On Sunday night, the Wall Street Journal reported that he didn’t learn until this summer that the National Security Agency had been bugging the phones of German Chancellor Angela Merkel and other world leaders.

That followed by a few days a claim by Health and Human Services Secretary Kathleen Sebelius that Obama didn’t know about problems with the HealthCare.gov website before the rest of the world learned of them after the Oct. 1 launch.

It stretches credulity to think that the United States was spying on world leaders without the president’s knowledge, or that he was blissfully unaware of huge technical problems that threatened to undermine his main legislative achievement. But on issues including the IRS targeting flap and the Justice Department’s use of subpoenas against reporters, White House officials have frequently given a variation on this theme.

Question: What did Obama know and when did he know it?

Answer: Not much, and about a minute ago.

The Associated Press’ Josh Lederman led off Monday’s White House briefing with an obvious question: “Was the president kept out of the loop about what the NSA was doing?”

“I am not going to get into details of internal discussions,” press secretary Jay Carney replied, repeating previous promises that “we do not and will not monitor the chancellor’s communications.” This formulation conspicuously omits the phrase “did not.”

CNN’s Jim Acosta cited the HealthCare.gov rollout and the IRS targeting, which Obama said he learned about through news reports. “Is there a concern,” Acosta asked, “that the president is being kept in the dark on some of these issues?”

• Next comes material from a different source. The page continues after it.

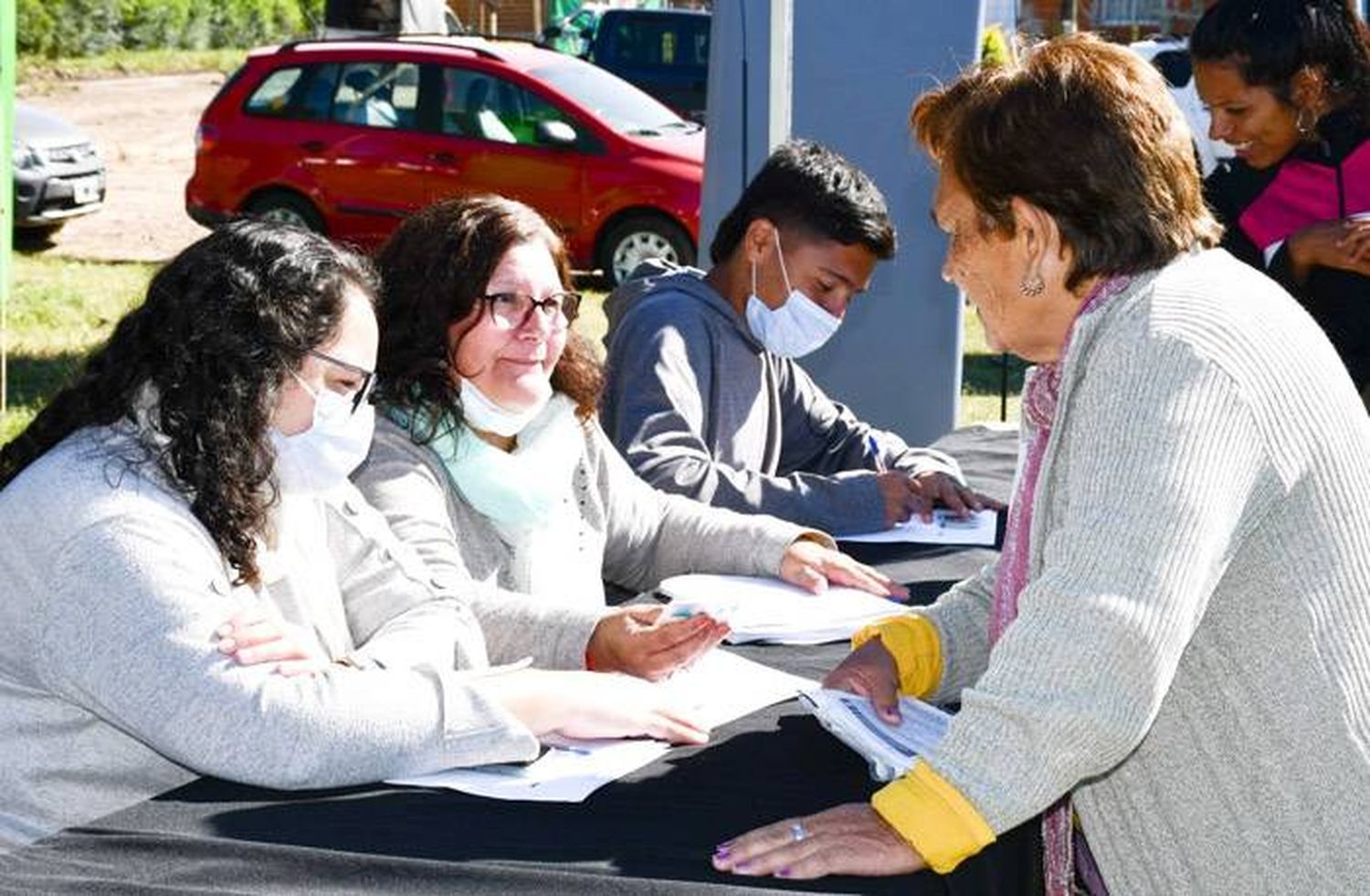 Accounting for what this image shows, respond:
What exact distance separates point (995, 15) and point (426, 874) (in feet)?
14.8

Carney told Acosta he had “conflated a bunch of very disparate issues.”

“Republican critics,” Acosta said, “are making the case, though, that the president appears to be in the dark about some pretty significant stories that are swirling around this White House.”

“Well, Republican critics say a lot of things, Jim,” Carney replied icily.

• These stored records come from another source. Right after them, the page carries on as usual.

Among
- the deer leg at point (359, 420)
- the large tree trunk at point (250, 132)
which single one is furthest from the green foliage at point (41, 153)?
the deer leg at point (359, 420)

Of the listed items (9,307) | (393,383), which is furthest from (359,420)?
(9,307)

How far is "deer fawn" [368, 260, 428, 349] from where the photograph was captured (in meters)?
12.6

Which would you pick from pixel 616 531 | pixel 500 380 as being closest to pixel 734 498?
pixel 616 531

That’s true. But in this case, the Republicans understated the number of issues on which the president has claimed to be in the dark. A compilation by the Republican National Committee titled “The Bystander President” cited the NSA spying on Merkel, the Obamacare rollout and an investigation of the IRS’ targeting of political groups (the White House counsel knew of the inquiry but said she didn’t inform Obama). The RNC also mentioned the failure of clean-energy company Solyndra, which had received government funding (Carney had said Obama read about it in “news accounts”), and the attempts to go after reporters’ phone and email records (which the president also found out about from reading the news, Carney said).

The RNC didn’t mention that Obama had allegedly known nothing about an FBI investigation of an affair involving David Petraeus that led him to resign as CIA director. Neither did it mention two other claims that conservatives often question: Obama’s ignorance of a guns-on-the-border sting operation called Fast and Furious that went awry, and his unawareness of requests for additional diplomatic security in Libya before a U.S. outpost in Benghazi was attacked. There’s no reason Obama should have known about these two issues. But how could he not know his spies were bugging the German chancellor?

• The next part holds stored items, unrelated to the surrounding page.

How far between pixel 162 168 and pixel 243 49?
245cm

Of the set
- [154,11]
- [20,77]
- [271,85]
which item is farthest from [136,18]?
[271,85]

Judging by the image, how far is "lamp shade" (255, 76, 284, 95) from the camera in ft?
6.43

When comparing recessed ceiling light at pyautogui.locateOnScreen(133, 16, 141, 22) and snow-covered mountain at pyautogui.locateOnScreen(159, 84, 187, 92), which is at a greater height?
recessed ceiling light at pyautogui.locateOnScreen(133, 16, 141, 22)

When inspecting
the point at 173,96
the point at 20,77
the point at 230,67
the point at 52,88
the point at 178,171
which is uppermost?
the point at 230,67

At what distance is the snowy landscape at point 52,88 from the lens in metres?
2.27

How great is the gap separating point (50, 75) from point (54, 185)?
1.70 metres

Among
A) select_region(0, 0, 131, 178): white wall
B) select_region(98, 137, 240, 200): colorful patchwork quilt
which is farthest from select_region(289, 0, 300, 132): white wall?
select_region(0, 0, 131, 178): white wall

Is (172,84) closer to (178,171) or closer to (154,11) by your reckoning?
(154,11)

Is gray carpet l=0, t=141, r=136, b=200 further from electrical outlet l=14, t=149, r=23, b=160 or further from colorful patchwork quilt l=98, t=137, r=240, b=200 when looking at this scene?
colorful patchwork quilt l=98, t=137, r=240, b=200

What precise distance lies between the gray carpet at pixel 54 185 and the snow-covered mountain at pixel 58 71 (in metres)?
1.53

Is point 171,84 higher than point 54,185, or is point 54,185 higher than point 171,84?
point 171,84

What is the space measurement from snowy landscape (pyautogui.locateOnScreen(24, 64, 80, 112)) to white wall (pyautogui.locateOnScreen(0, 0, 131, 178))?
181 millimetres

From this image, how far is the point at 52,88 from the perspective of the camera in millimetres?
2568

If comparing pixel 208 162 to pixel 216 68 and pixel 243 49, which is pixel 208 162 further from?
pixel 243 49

“Is it believable that the president would not know about surveillance of the head of state of a close American ally?” ABC News’ Jon Karl asked Carney. “Does that sound plausible to you?”

This finally provoked a hint from Carney that Obama did, in fact, know that the NSA was bugging Merkel. “The Wall Street Journal probably doesn’t appreciate the suggestion that their story is wrong,” he said, referring to a report that said Obama learned of the activity in the summer, “but I would say simply that we’re not going to comment on specific activities reported in the press.”

Another hint came from Carney’s assurance that “the president has full confidence in Gen. [Keith] Alexander and the leadership at the NSA.” Obama probably wouldn’t have such confidence if that leadership had kept him in the dark about something as consequential as the bugging of world leaders’ phones.

On one level, it would be reassuring, and much more credible, if the White House admitted that Obama is more in the loop than he has let on. On another level, it would be disconcerting: Is it better that he didn’t know about his administration’s missteps – or that he knew about them and didn’t stop them?